§ About this task: Please, from the entries below, transcribe exactly the lines that begin at the line with "Friends Eating Pizza Together At Home" and end at the line with "Kitchen or kitchenette", without the pictures.

(Records from a collection)
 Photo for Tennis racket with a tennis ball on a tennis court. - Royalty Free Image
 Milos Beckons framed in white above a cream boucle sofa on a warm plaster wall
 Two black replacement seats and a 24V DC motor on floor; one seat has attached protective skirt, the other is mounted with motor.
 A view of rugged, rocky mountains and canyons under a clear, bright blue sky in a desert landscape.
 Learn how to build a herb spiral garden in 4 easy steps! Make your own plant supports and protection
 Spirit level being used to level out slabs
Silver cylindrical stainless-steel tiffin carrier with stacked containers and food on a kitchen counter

...

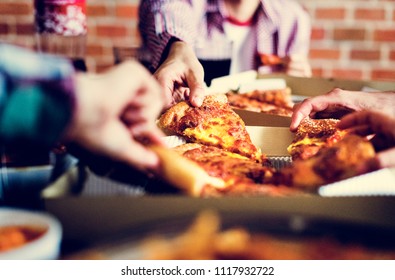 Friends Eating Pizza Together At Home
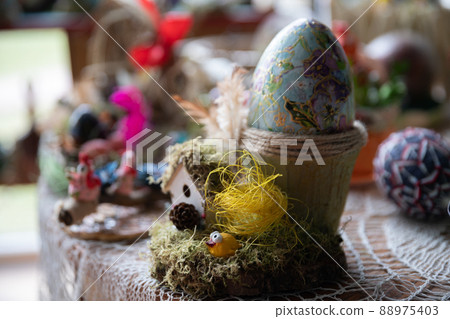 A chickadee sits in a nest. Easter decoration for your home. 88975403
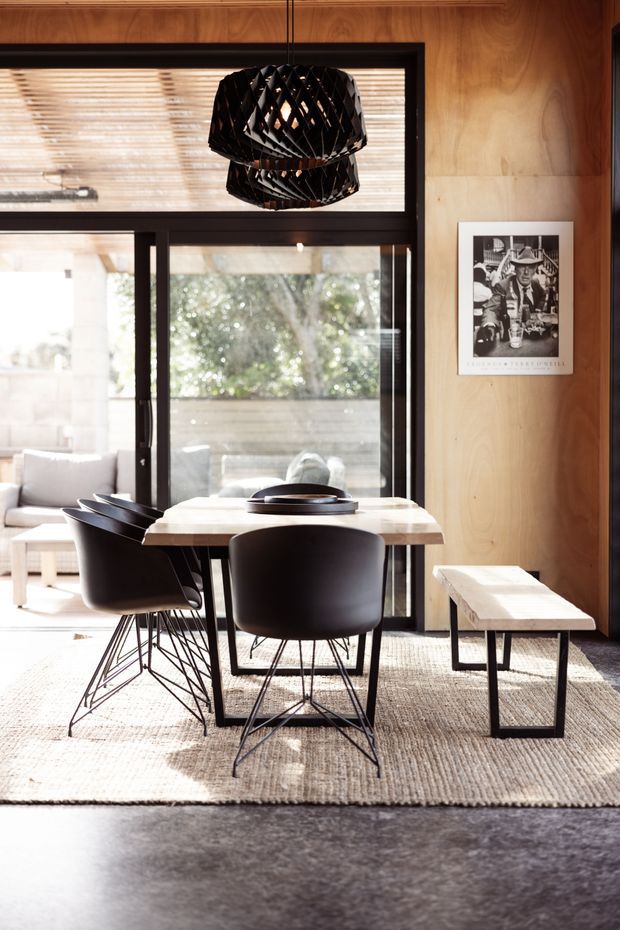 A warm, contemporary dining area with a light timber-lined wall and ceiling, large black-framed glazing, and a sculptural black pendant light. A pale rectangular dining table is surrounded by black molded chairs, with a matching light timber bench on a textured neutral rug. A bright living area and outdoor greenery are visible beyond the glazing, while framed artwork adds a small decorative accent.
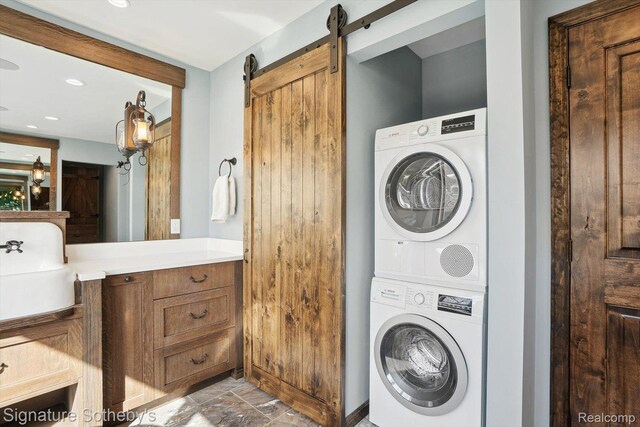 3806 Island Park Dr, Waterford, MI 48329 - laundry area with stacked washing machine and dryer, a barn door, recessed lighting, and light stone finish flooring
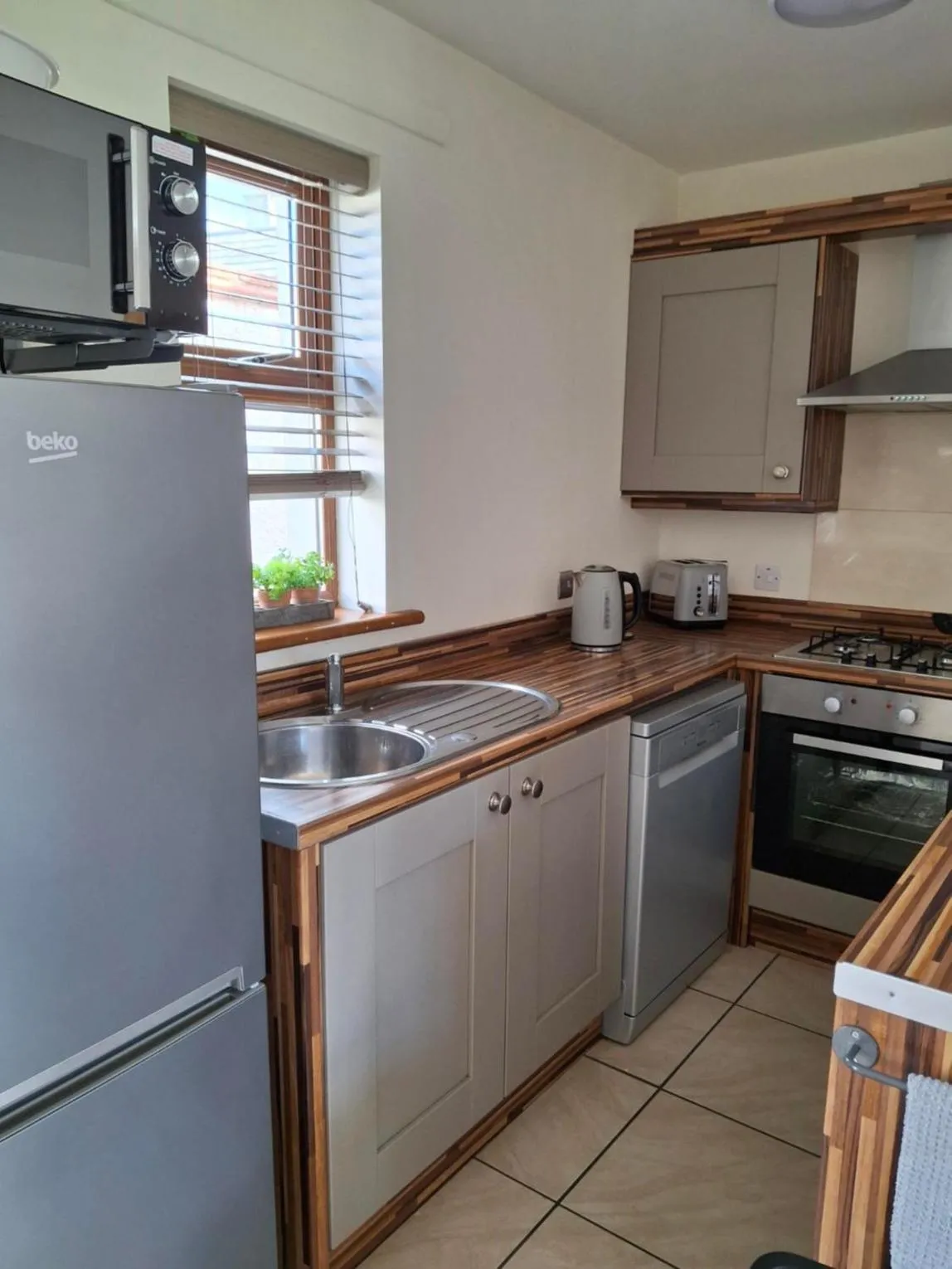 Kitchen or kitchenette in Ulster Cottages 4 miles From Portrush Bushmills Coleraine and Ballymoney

§ Reply to the task:
 Friends Eating Pizza Together At Home
 A chickadee sits in a nest. Easter decoration for your home. 88975403
 A warm, contemporary dining area with a light timber-lined wall and ceiling, large black-framed glazing, and a sculptural black pendant light. A pale rectangular dining table is surrounded by black molded chairs, with a matching light timber bench on a textured neutral rug. A bright living area and outdoor greenery are visible beyond the glazing, while framed artwork adds a small decorative accent.
 3806 Island Park Dr, Waterford, MI 48329 - laundry area with stacked washing machine and dryer, a barn door, recessed lighting, and light stone finish flooring
 Kitchen or kitchenette in Ulster Cottages 4 miles From Portrush Bushmills Coleraine and Ballymoney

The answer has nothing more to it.